Le grand baryton suédois a fait sien le rôle qu’il aborde régulièrement depuis ses débuts au Festival d’Aix-en-Provence 1998 avec Peter Brook. Les parisiens se souviennent de son apparition frappante en costume de trader dans la production de Michael Haneke devenue légendaire. La froideur des tours de la Défense a laissé sa place à la brume et l’atmosphère étrange d’une forêt de sapins particulièrement bien éclairée par les lumières d’Olaf Winter. Alors qu’il a plus que divisé avec La Bohème de l’espace, Claus Guth réussit son spectacle qui ne plaira toujours pas aux plus traditionalistes. Dès l’ouverture, le grand seigneur méchant homme est blessé à mort par le Commandeur. Le spectateur assistera à sa longue agonie, accompagné dans sa déchéance par un Leporello héroïnomane.
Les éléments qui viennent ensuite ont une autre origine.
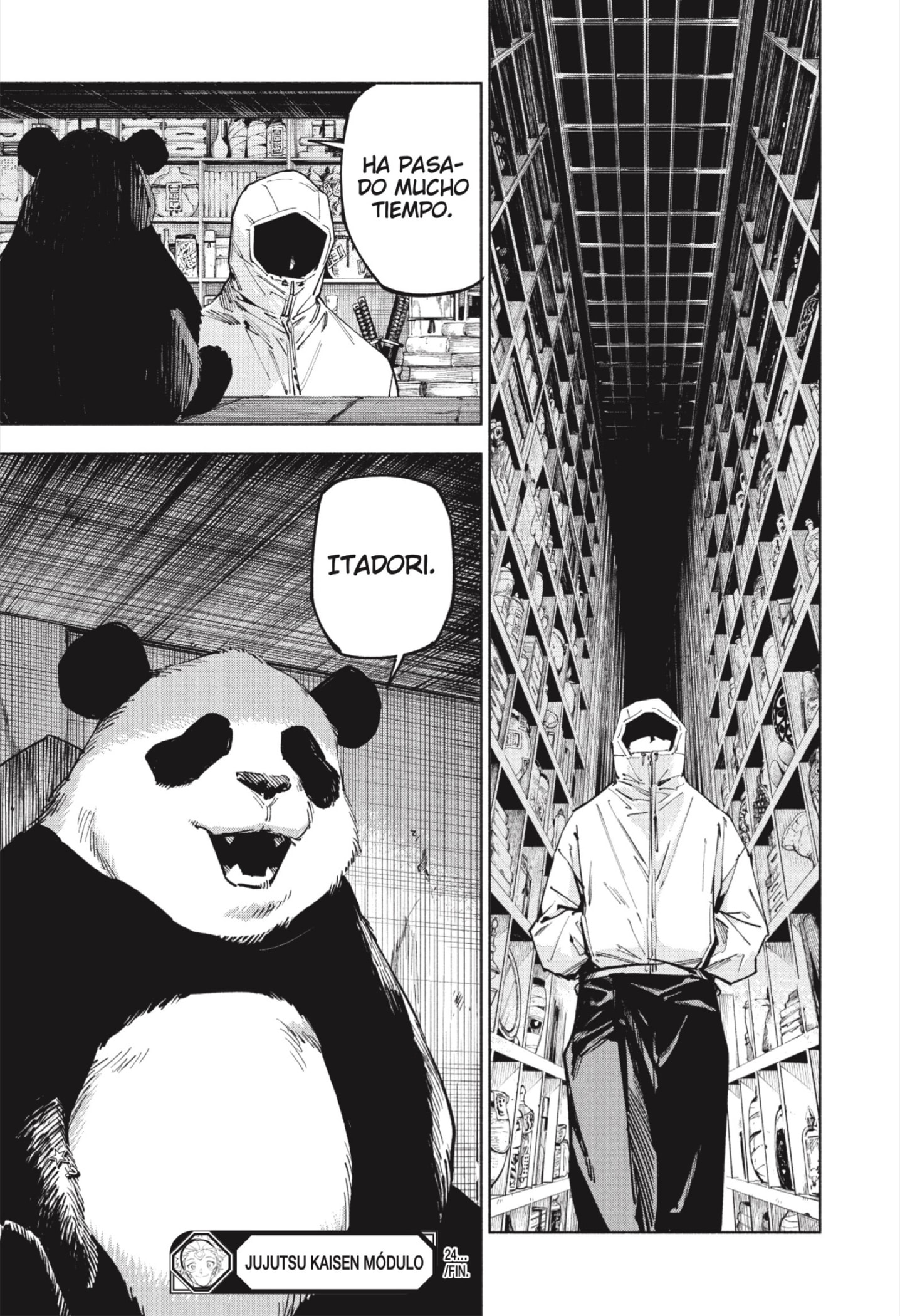 Read Jujutsu Kaisen Módulo es Manga Online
Inutile de chercher à comprendre qui sont ces personnages et ce qu’ils font là, perdus en plein sous-bois à la Twin Peaks, Claus Guth est un metteur en scène d’ambiance qui se débarrasse du mythe en l’actualisant à sa façon. Tel un loup aux abois, son Don Giovanni entame une course à l’abime, dévorant ses nouvelles proies comme par réflexe carnassier. Peter Mattei chanteur d’instinct possède cette animalité parfaitement mise en contraste par le jeu histrionique de son camarade Alex Esposito, Leporello aux saillies comiques mais troublantes. Très ambigu, le personnage de Donna Anna vu par le metteur en scène est une victime consentante qui avance dans le récit comme une âme de plus en plus troublée. Personnage entêté et pugnace, Elvira est volontairement vieillie dans un costume de bourgeoise comme enfermée dans son époque et ses convictions religieuses. Sans pour autant révolutionner la scène comme l’avait fait Haneke dans une approche encore plus radicale, la vision personnelle de Guth a le mérite de renouveler l’intérêt des amateurs du chef-d’œuvre de Mozart en apportant des éléments inédits.
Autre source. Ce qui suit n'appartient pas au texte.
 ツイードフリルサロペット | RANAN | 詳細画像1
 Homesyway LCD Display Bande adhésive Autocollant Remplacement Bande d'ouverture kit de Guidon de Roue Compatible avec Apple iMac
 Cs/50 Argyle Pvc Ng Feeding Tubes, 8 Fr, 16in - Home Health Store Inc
Peter Mattei abattu n’a pas dit son dernier mot
Les chanteurs acteurs très sollicités donnent le meilleur d’eux-mêmes comme le chef d’orchestre. Dans sa direction précise et volontaire, Antonello Manacorda (qui nous a accordé une interview à découvrir ici) à la tête d’un Orchestre de l’Opéra national de Paris des grands soirs apporte du théâtre à chaque scène sans jamais oublier de faire de la très belle musique. Mozart coule dans ses veines et cela s’entend ! Même si l’on regrette une petite précipitation dans le trio des masques, le final saisissant explose et apporte même le drame et le fantastique absents sur le plateau (Don Giovanni s’écroule sans effets spéciaux). La connivence avec ses interprètes se sent et même si, en ce soir de première, certains cherchaient encore leurs marques, nous avons assisté à un nouveau miracle sur scène grâce à Peter Mattei. Tous les superlatifs ont déjà été employés pour décrire ses prestations et pourtant, ce nouveau Don Giovanni semble être son premier. Le naturel tant dramatique que vocal apporte une immédiateté et même une urgence dans son incarnation. Souverain, le baryton heurte, charme, bouscule, apitoie avec ce timbre unique et une technique qui lui est propre. Face à lui, le Leporello d’Alex Esposito est un Auguste qui occupe l’espace en parfait duettiste avec une voix de bouffe bien marquée. Adela Zaharia est une Donna Anna tout à fait honorable même s’il manque encore à la voix une rondeur qui charmerait plus encore. La remarque peut s’appliquer également à Ben Bliss, Don Ottavio élégant qui remplit son office avec un timbre manquant très légèrement de grâce. Avec John Relyea en solide Commendatore, le jeune couple Zerlina/Masetto est moins bien assorti, déstabilisé par un Guilhem Worms absent vocalement face à Ying Fang au chant appliqué et joliment nuancé. Gaëlle Arquez qui fut Zerlina chez Haneke aborde Donna Elvira non sans difficultés. Le mezzo s’épanouit toujours aussi superbement dans le medium mais se rétrécit dans un aigu moins agréable qu’à l’accoutumée. L’air “Mi tradi” incarné rappelle la grande styliste et la merveilleuse artiste qui fait ici ses débuts dans le rôle. Une autre distribution proposée par l’Opéra national de Paris possède également bien des charmes. En attendant, le nouveau Don Giovanni qui ouvre en grand la nouvelle saison de l’Opéra Bastille est une production à découvrir.